=== Problem to work on ===
Reproduce exactly only the lines from the line that holds "Andrew Reed, Anders" to the line that holds "Portrait Of Smiling", inclusive, in the listing below, and please leave out every picture.
::: Data listing
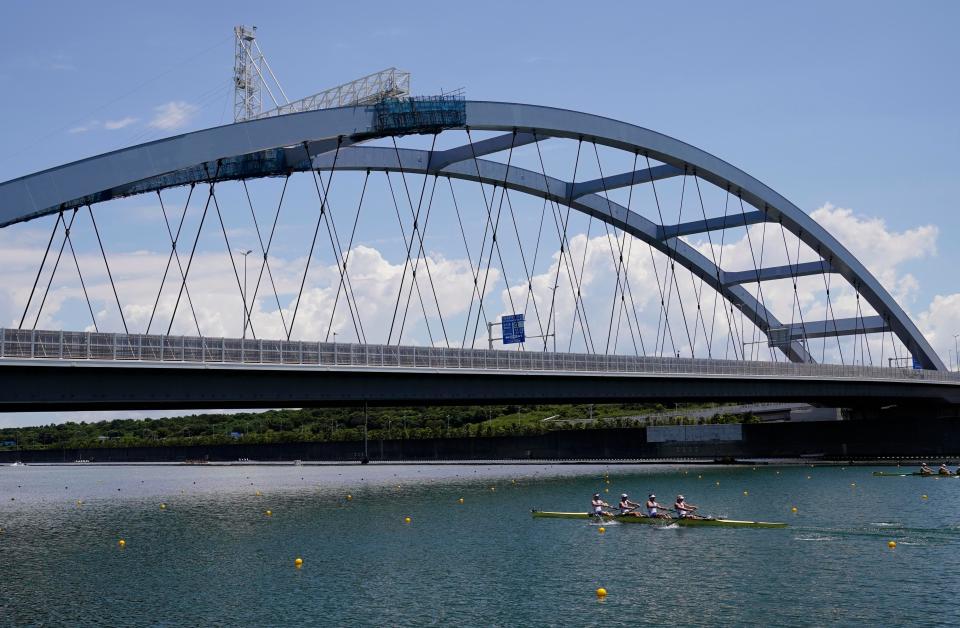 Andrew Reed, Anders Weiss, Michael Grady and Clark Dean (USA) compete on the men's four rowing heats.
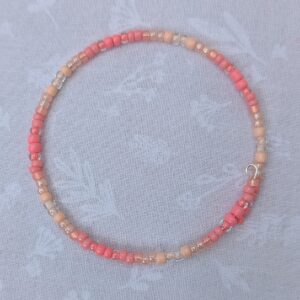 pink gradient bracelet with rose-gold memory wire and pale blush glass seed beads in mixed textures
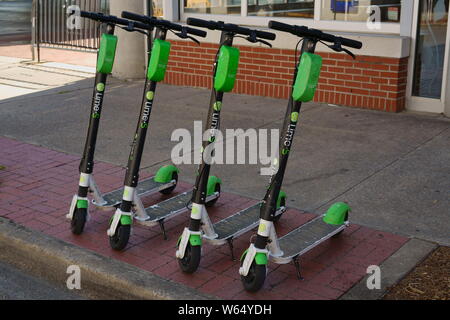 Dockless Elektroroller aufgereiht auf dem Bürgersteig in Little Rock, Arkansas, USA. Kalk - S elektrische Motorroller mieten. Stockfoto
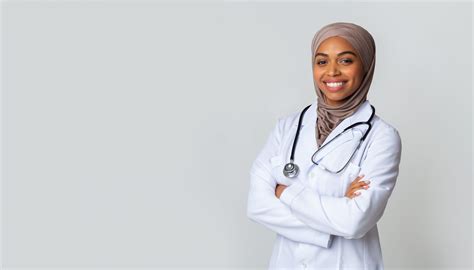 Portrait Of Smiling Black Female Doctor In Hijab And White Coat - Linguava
::::::
::: Data listing
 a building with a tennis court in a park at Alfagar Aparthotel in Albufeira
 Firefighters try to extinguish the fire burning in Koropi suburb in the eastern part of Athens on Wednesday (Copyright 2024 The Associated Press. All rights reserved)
::::::
::: Data listing
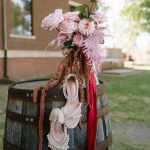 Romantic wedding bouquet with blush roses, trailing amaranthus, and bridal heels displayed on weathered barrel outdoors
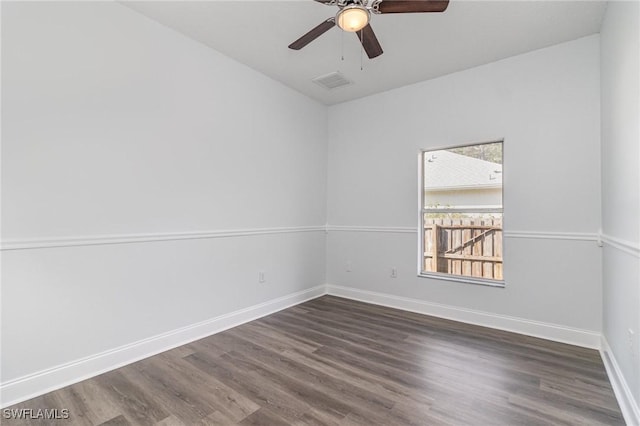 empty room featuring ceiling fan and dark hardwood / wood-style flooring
::::::
=== The completed task ===
 Andrew Reed, Anders Weiss, Michael Grady and Clark Dean (USA) compete on the men's four rowing heats.
 pink gradient bracelet with rose-gold memory wire and pale blush glass seed beads in mixed textures
 Dockless Elektroroller aufgereiht auf dem Bürgersteig in Little Rock, Arkansas, USA. Kalk - S elektrische Motorroller mieten. Stockfoto
 Portrait Of Smiling Black Female Doctor In Hijab And White Coat - Linguava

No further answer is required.